According to the author, what does the mathematical proof do? How does the proof function in Everything and More?
The concept of a math proof is fascinating to me, and in its discussions of proofs, Everything and More inquires about the nature and power of the proof.
Please keep these questions in mind as you read this blog: “In what way can we say a unicorn exists that is fundamentally different, less real, than the way abstractions like humanity or horn or integer exist? Which is once again the question: In what way do abstract entities exist, or do they exist at all except as ideas in human minds-i.e., are they metaphysical fictions?….Are mathematical realities discovered, or merely created, or somehow both?” (20).

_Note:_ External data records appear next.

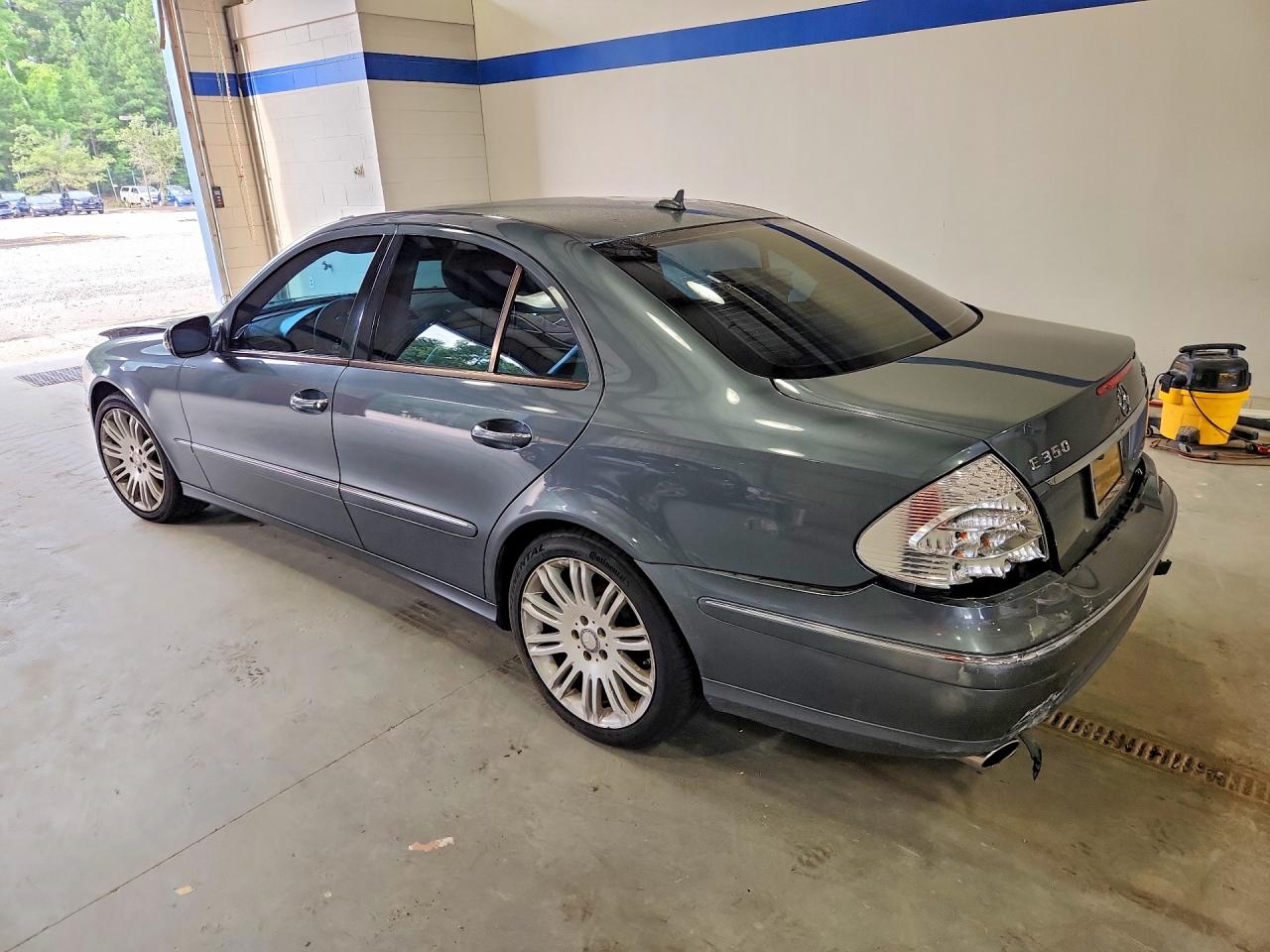 2008 Mercedes-benz E 350 4matic Gray vin: WDBUF87X08B240083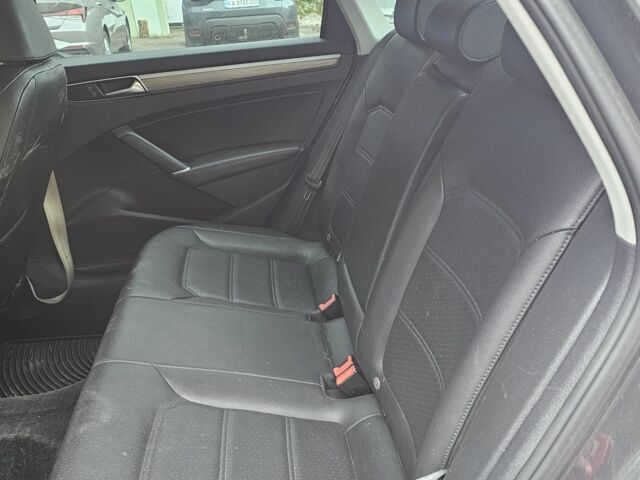 Серый Фольксваген Пассат, объемом двигателя 1.8 л и пробегом 170 тыс. км за 5000 $, фото 13 на Automoto.ua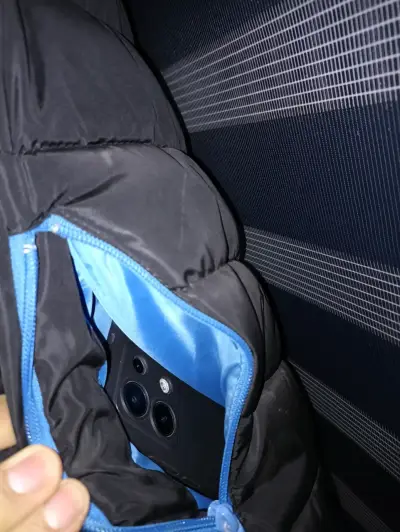 Chaqueta acolchada negra con capucha azul - miniatura 6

The proof holds enormous power in the world of math and in Everything and More. The author proposes that through a proof, we can definitively prove the truth. In discussing abstractions in the context of set theory, the author insists that “we are proving, deductively and thus definitively, truths about the makeup and relations of such things” (256). Furthermore, the writing suggests that the proof literally give existence to abstractions: “So one thing to appreciate up front is that, however abstract infinite systems are, after Cantor they are most definitely not abstract in the nonreal/unreal way that unicorns are” (205). This quote conveys the author’s faith in the power of the proof. The proof, according to the author, confers existence to infinite systems. The author does not assert that infinite systems have always existed. He does, however, express that “after Cantor, they are most definitely not abstract in the nonreal/unreal way that unicorns are.” What does the author mean by “after Cantor”? What does Cantor do that convinces the author of the abstract existence of infinite systems? Cantor proofs it. Thus, the proof has the power to make previously “nonreal/unreal” entities real or at least confirm their reality.
I mentioned that by writing “after Cantor, they are most definitely not abstract in the nonreal/unreal way that unicorns are” (205), the author suggests that the proof somehow creates the abstract existence of infinite systems. In another moment, however, the author rescinds his earlier insinuation that the proof creates existence and scorns that entire notion. In a footnote response to an editor asking, “we can always create new ones [subsets]?” (273). The author responds, “The ‘we can always create new ones’ part is deeply, seriously wrong: we’re not creating new subsets; we’re proving that there do exist and will always exist some subsets” (273). Thus, here, the proof becomes an instrument of finding, not creating, and here, the author insists on the distinction between the two.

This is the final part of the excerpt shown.